45. The relevant local authority remains liable (other than in very exceptional circumstances in which as a matter of agreement central government agrees to bear the costs) for all the usual financial and accommodation costs of the investigation and inquest, even when a judge is nominated under Schedule 10 or appointed as an assistant coroner.

46. The Chief Coroner is unlikely to consider requesting a judge to be nominated to hear an inquest, or to request the relevant local authority appoints a judge as an assistant coroner just because a case is complex or there may be media interest in it. A coroner has the specialist skills to lead an investigation and inquest and this should only very rarely be replaced by another member of the judiciary.

HH JUDGE MARK LUCRAFT QC
CHIEF CORONER

29 January 2019


[i] Section 1 Coroners and Justice Act 2009.

[ii] Only very rarely will the Chief Coroner intervene in this request, when he may adjudicate between two disagreeing coroners.

[iii] Usually because the incident which led to the death took place in the other coroner’s area.

[iv] Re. Pinochet (1999) UKHL 52.

[v]  ocabail UK Ltd v Bayfield Properties Ltd (2000) EWCA Civ 3004.

[vi] Porter v Magill (2002) 2 AC 357 at para 103 (Lord Hope).

[vii] Flaherty v National Greyhound Racing Club Ltd (2005) EWCA Civ 1117 at para 28; Secretary of State for the Home Department v AF (No2) (2008) EWCA Civ 117; (2008) 1 WLR 2528 at para 53.

[viii] Locabail UK Ltd at para 25.4

[ix] See also Law Sheet No.3 The Worcestershire Case, 31 January 2014.

[x] Worcestershire County Council & Anor v HM Coroner for the County of Worcestershire (2013) EWHC 1711 (QB) at para 98.

[xi] Law Sheet No. 3 at para 12.

[xii] Worcestershire County Council referring to Inner West London Assistant Deputy Coroner v Channel Four Television Corporation (2008) 1WLR 945.

[xiii] Section 56 of the Investigatory Powers Act 2016 (“IPA”), by para 45 of Schedule 10 IPA, repealed section 17 of the Regulation of Investigatory Powers Act 2000 (“RIPA”). See also para 24 of Schedule 3 IPA.

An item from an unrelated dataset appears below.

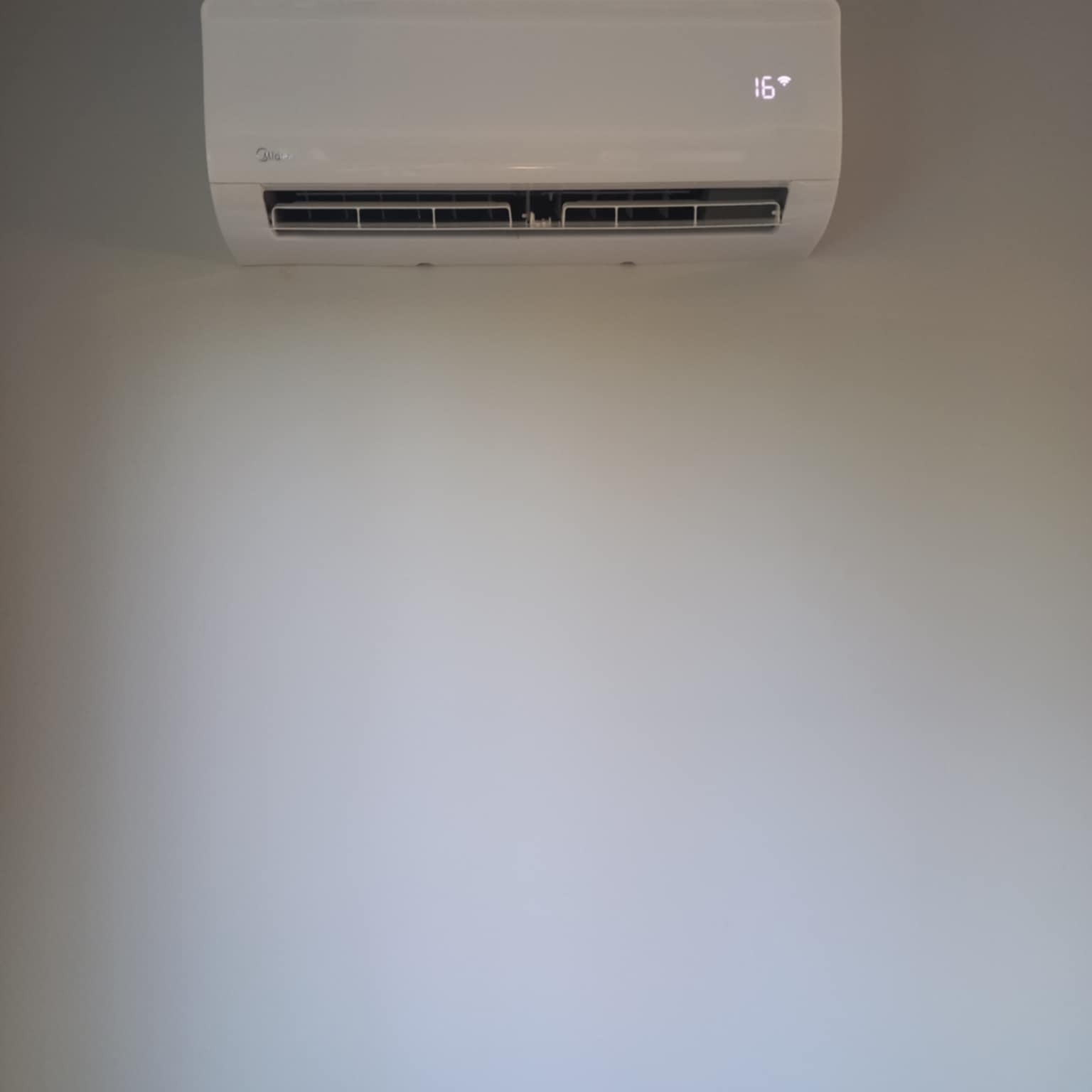 Biała klimatyzacja Midea na jasnej ścianie, ustawiona na 16 stopni. Widoczny wyświetlacz i kratka wentylacyjna. Minimalistyczny design.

[xiv] At para 48. “In my view the justifications for the policy are legal, rational and take relevant factors into account…It is a pragmatic response to the very real practical problems when courts handle security and intelligence material”.

[xv] Para 24(3)(a) Schedule 3 IPA.

[xvi] Para 24(1)(a) Schedule 3 IPA.

[xvii] Para 168 of the Explanatory Notes to the IPA – “the legal adviser appointed will need to hold suitable security clearance”.

[xviii] Para 24(3)(b) Schedule 3 IPA.

[xix] Security clearance is carried out by the United Kingdom Security Vetting unit (UKSV). Developed Vetting (DV) is the highest level of Security Clearance and allows the person to see TOP SECRET documents and assets.

[xx] See the inquest into the death of Alexander Perepilichnyy.

[xxi] See R (Litvinenko) v Secretary of State for the Home Department (2014) EWHC 194 (Admin).

[xxii] i.e. until they reach the age of 70 years (compulsory retirement age), unless they choose to resign or are removed by the Lord Chief Justice or Lord Chancellor prior to their 70th birthday.